Martha Medeiros
Uma menina me perguntou certa
vez: a vida da gente melhora da metade para o final? Ela deveria ter uns 14
anos, jovem demais para dividir a existência em duas partes e colocar suas
esperanças na segunda. Já eu havia recém feito 40: estava me despedindo do ensaio
geral e estreando na Parte 2, ainda sem saber o que estava por vir. Logo, o que
responder?
Admiti que considerava
encantadora a primeira parte: a virgindade existencial, os primeiros amores, a
juventude do corpo, os sonhos projetados para frente, a morte a uma distância
teoricamente segura. Não tinha como afirmar se a segunda parte possuiria
munição suficiente para superar tanta vitalidade e expectativa, mas, dali onde
eu me encontrava, seguia confiante, o futuro não me assustava. Apesar de ter
vivido muito bem os primeiros 40, secretamente desejava que a resposta ao
questionamento dela fosse um categórico sim.
Hoje aquela menina deve estar em
torno dos 24 e ainda não tem sua resposta, mas garanto que anda tão ocupada que
isso deixou de importar. Eu, no entanto, avancei um pouquinho na parte 2, porém
continuo sem um parecer. Tenho apenas uma intuição.
Menina que não sei o nome:
decretar o que é melhor, se a primeira ou a segunda metade da vida, é uma
preocupação inútil – não perca tempo com isso. A única coisa que você deve ter
em mente é o seguinte: o que fizer na primeira metade terá conseqüências na
segunda, para o bem ou para o mal.
Se você for muito seletiva e
insegura, acabará transferindo para mais tarde projetos que já poderiam ter
sido experimentados. Procure viver as delícias de cada idade, arrisque-se. Se
não conseguir, ok: então morra de amor, vá morar sozinha em Londres, entre para
uma seita, monte uma banda, tudo isso aos 60, aos 70, e danem-se as convenções.

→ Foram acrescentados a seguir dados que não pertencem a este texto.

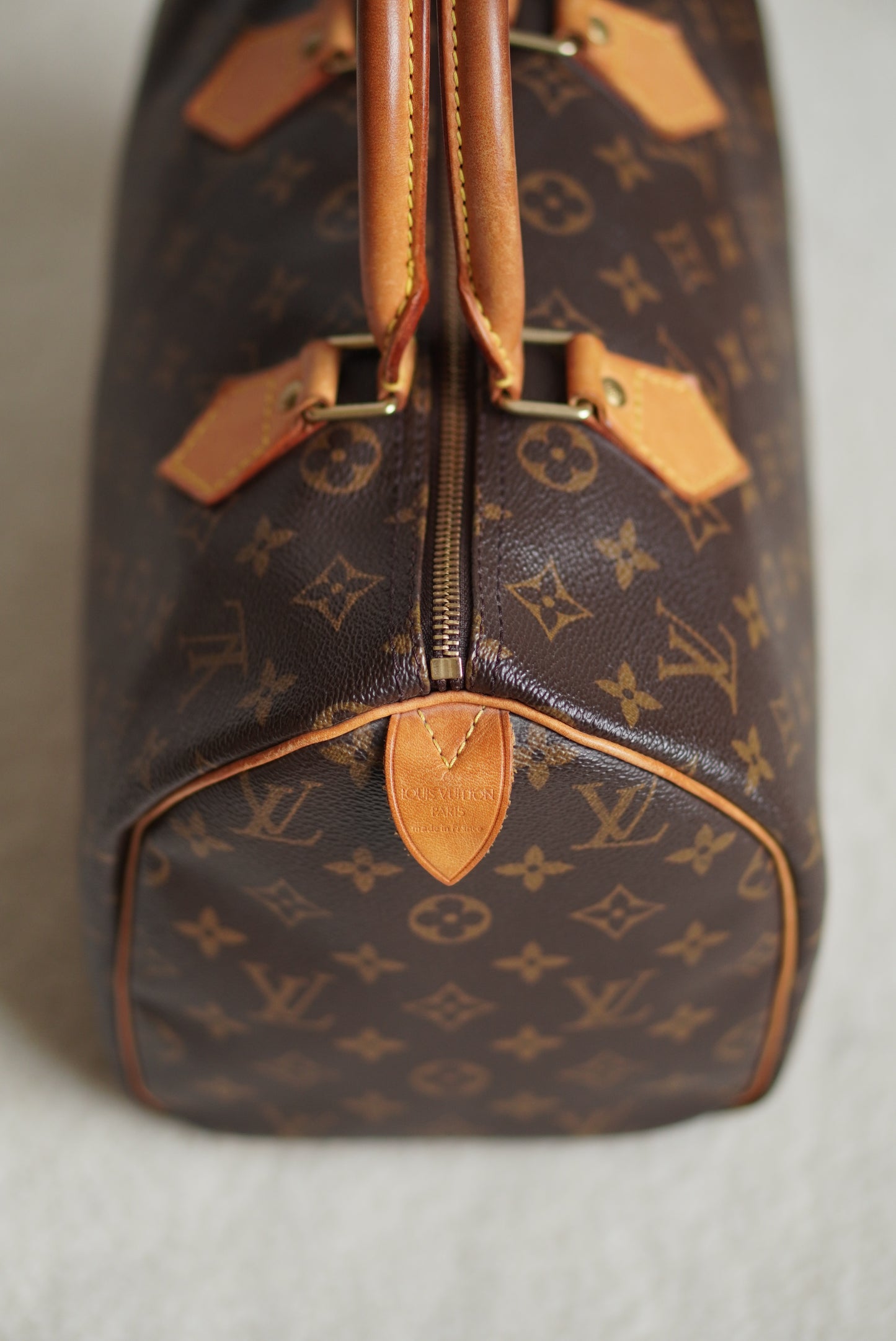 LOUIS VUITTON SPEEDY 30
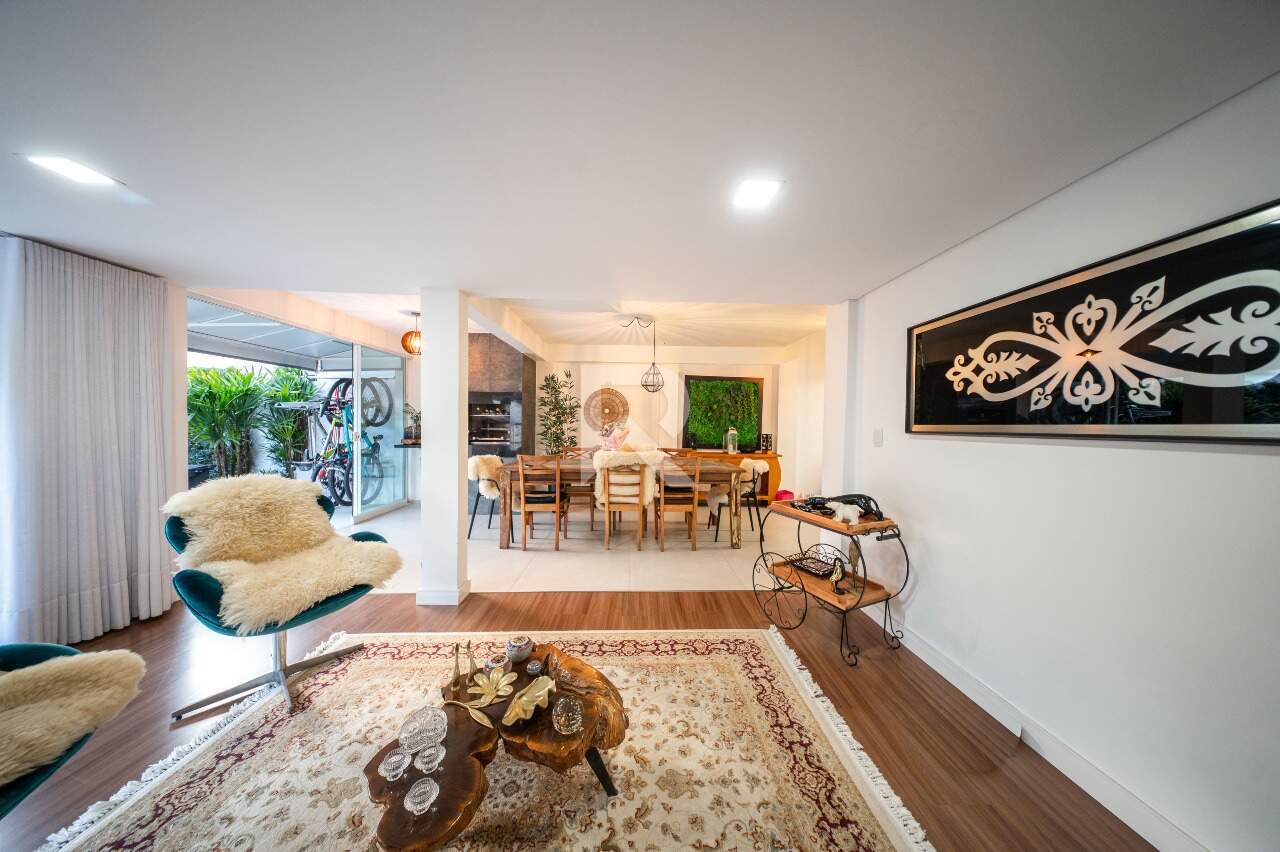 Casa em Condomínio com Jardim, 4 quartos, 4 vagas para locação, 250 m² - Campo Comprido - Curitiba/PR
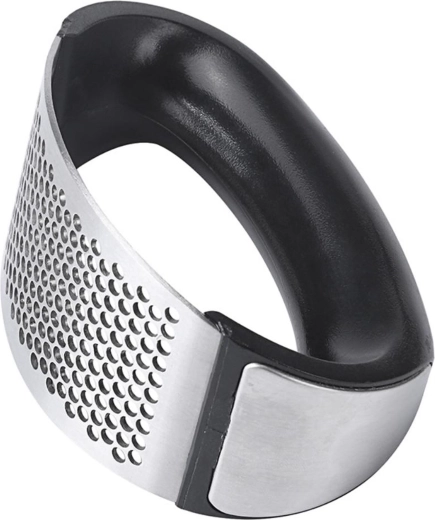 Ergonomska ručka i kompaktan dizajn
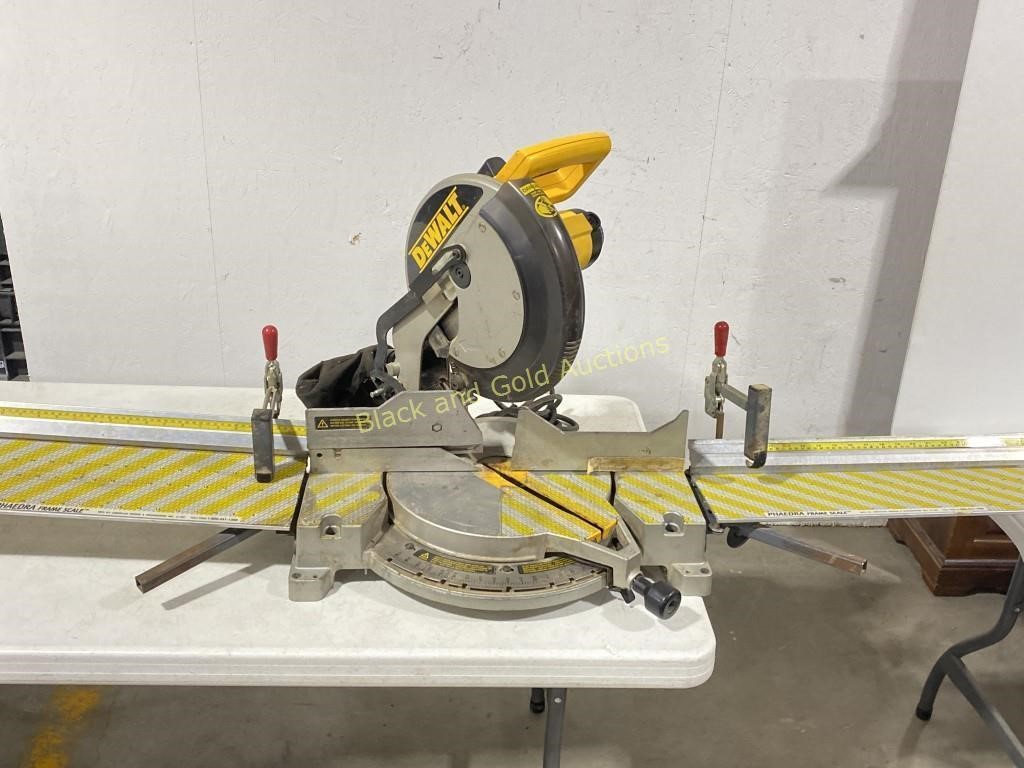 DeWalt Compound Miter Saw W/ Extensions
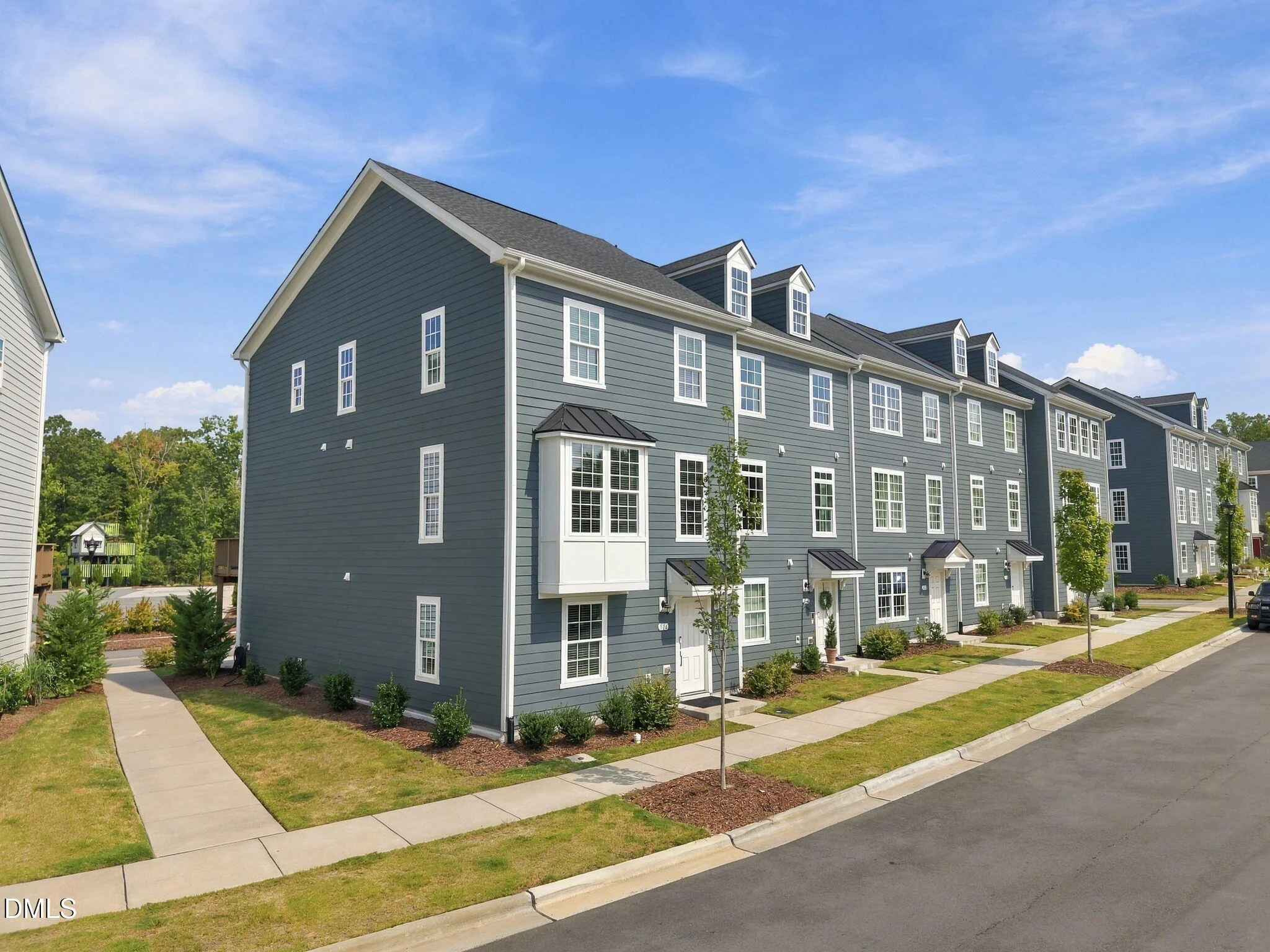 516 Whitehall Circle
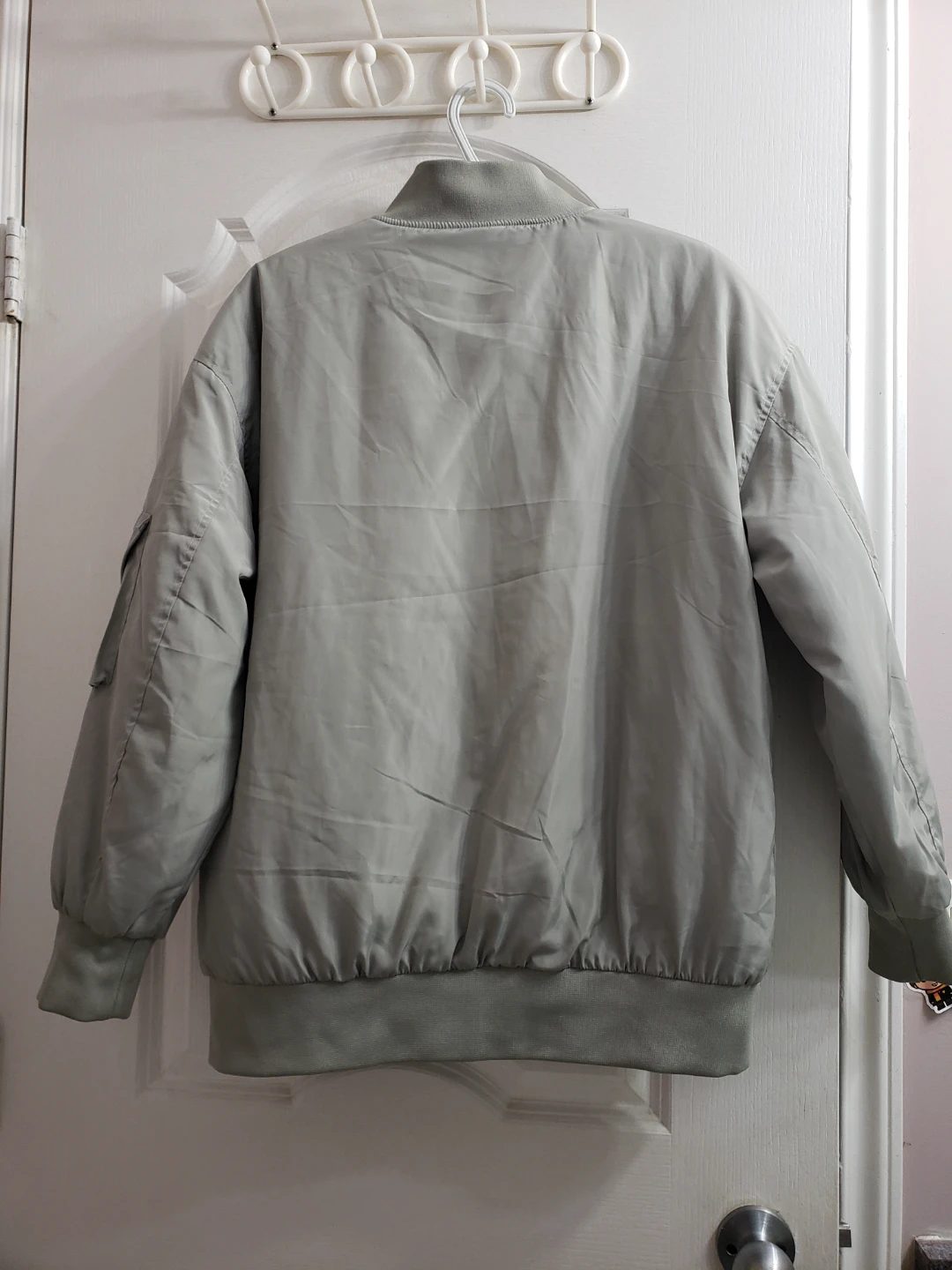 Ardene Bomber Jacket.unisex- Size small but can fit up to medium - photo 2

A maturidade traz ganhos reais. A
ansiedade diminui, a teatralidade também: já não vemos sentido em agradar a
todos, a opinião alheia deixa de nos influenciar. Essa liberdade de ser quem
realmente somos me parece o benefício maior – os jovens não percebem, mas sua
liberdade é muito restrita. São pressionados a fazer escolhas tidas como
definitivas (casamento, filhos, profissão) e as dúvidas se amontoam.
A sociedade exige eficiência na
condução desse script. Depois dos 40, a boa notícia: que sociedade, que nada.
Não é ela que banca suas ideias, não é ela que enxuga suas lágrimas, não é ela
que conhece suas carências. Você passa, finalmente, a ser dona do seu desejo.
Não é pouca coisa.
A segunda metade trará vista
cansada, um joelho menos confiável, um rosto não tão viçoso, umas manias bobas,
mas o fato de já não haver tempo a desperdiçar nos torna mais focados e até
mais aventureiros – pensar demais deixa de ser producente.
Perder a ilusão da eternidade
traz, sim, conquistas instantâneas, mas, para isso, é preciso ter cabeça boa,
conhecimento e uma forte base moral e ética. E isso você adquire na primeira
metade da vida – ou padecerá na última.